What we saw this week was the growing recognition of some Israeli officials that if the levies against global condemnation of the occupation get breached, the floodwaters will enter. Israel will be categorized as a rogue state. The government is nervous because no one knows when the breach will come, but political leaders do know that when it happens, this week’s guidelines will look insignificant indeed. The Israeli politicians who are taking this directive as an opportunity to push for a two-state solution are trying to preempt that moment. If the Palestinians pursue a non-violent strategy that emphasizes the denial of their rights and/or call for equal rights in one state then that moment’s arrival would be accelerated.

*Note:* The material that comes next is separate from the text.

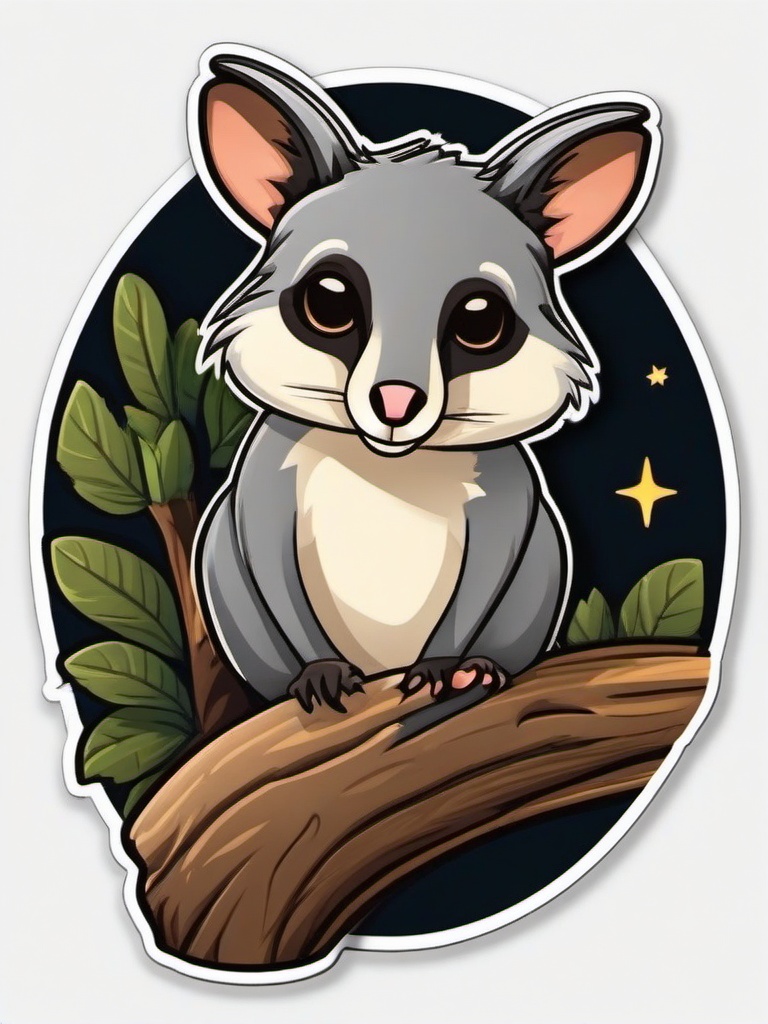 Possum cartoon - nocturnal, tree-dwelling animal  cartoon sticker style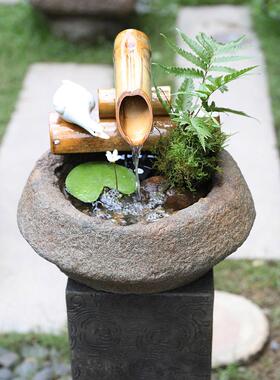 客厅smf-syls创流水景鱼池办公室桌面造景喷饰泉小鱼缸家居观玄关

If this is the thin end of the wedge, what policies might the EU follow it up with?
First will be the adoption of the specific stipulations by EU member states, also likely are guidelines on labeling of settlement products, and for European companies, one for where they invest, to encourage all to follow the same regulations with regards to the green line.

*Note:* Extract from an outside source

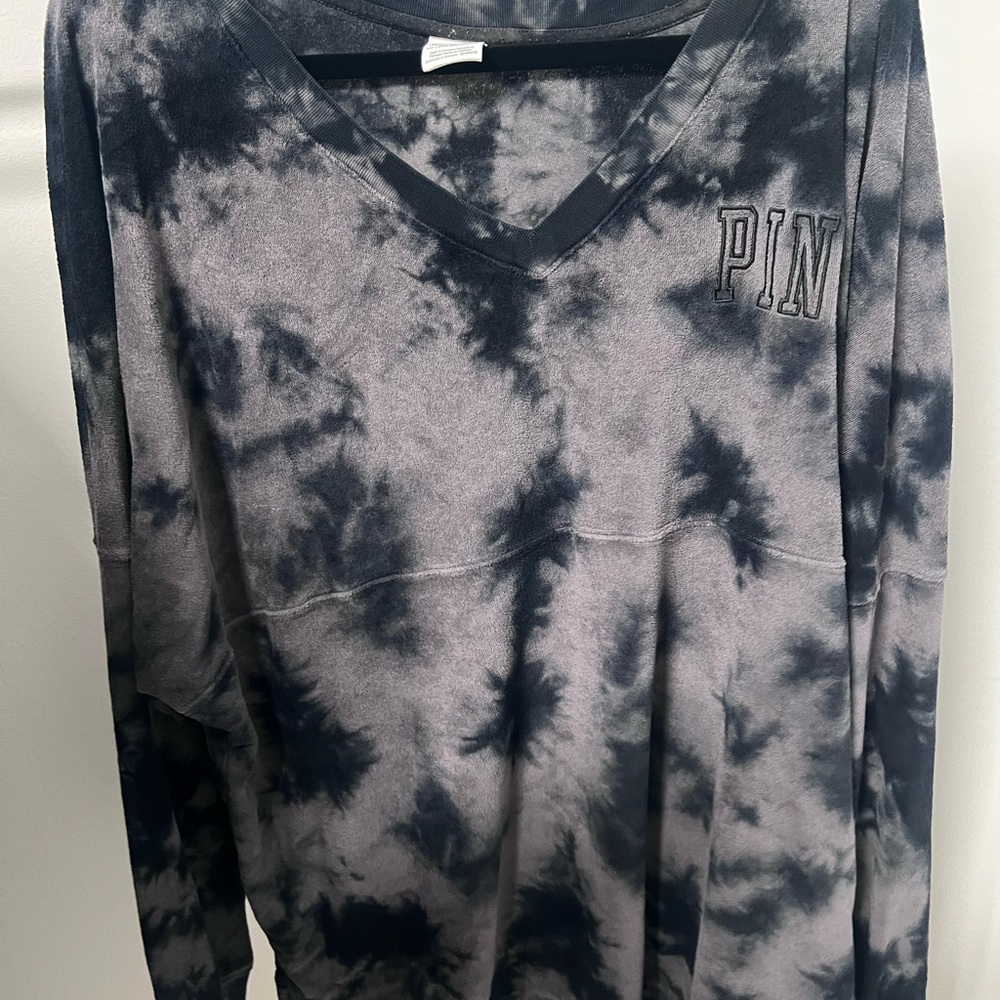 PINK Victoria's Secret Black Tie-Dye Sweatshirt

But there is a finite impact of this kind of policy if the focus remains exclusively on entities around the green line. Europe will likely stick to this kind of approach for some time. The next phase would be to acknowledge that this distinction is an unreal distinction — consider the fact that every major Israeli bank has a branch in the settlements. The next phase would recognize this and develop policies that consider the whole of Israel’s economy. But I don’t think that kind of transition will happen quickly or easily.
In the meantime, are you optimistic about Secretary Kerry’s ability to restart peace talks that lead to tangible progress?

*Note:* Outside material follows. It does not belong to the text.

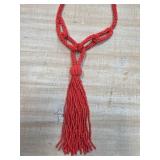 Red Beaded Necklace With Tassel Design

Secretary Kerry deserves credit, not scorn, for making this effort and for having recognized that even in such a rapidly changing Middle East, where there are so many areas and issues that demand attention, this iconic grievance in the Arab World is still so important, especially in its shaping of how the region sees America. I think Secretary Kerry also sees that the window for a two state solution is closing.
The test of the talks if they resume, however, will be this: can Secretary Kerry manage to get the Israeli prime minister to actually come to the table on the territorial issue? It’s one thing to show up in the room to talk about a two state solution, it’s quite another to actually be prepared to determine the territory of the second state. Netanyahu’s adamant refusal to consider the ‘67 borders as a starting point places the burden of proof of seriousness on him. Secretary Kerry will have to create a moment of choice for Netanyahu that he can’t maneuver away from.
Palestinian leaders have just declared that Secretary Kerry’s formula for talks is “insufficient.” Are you optimistic that he will get all the leaders to the table? What is likely to bring a two-state solution more quickly – ending Israel’s impunity around the occupation via changes in policy by the international community toward the settlements (so continuing along the line of this week’s guidelines), or another cycle of peace talks?
Combining the two may be the best option available under the current circumstances, in other words talks that focus on creating a moment of choice for Netanyahu regarding the 1967 lines and at the same time Israel understanding that their will be costs for continued rejectionism. There are few reasons to be optimistic, but Secretary Kerry’s determination is encouraging, albeit he is dealing with two hesitant leaders. Palestinian President Abbas has adopted positions far more conducive to realizing a two state outcome, but he will need to show that he can make decisions and that he has a strategy if Israel’s government is really going to be challenged to show its hand and get beyond its obfuscation in negotiations and undermining of peace on the ground. The onus is not exclusively on Israel—there is a Palestinian side—but the asymmetry of the conflict determines that a two-state deal is ultimately Israel’s gift to give much more so than it is the Palestinians.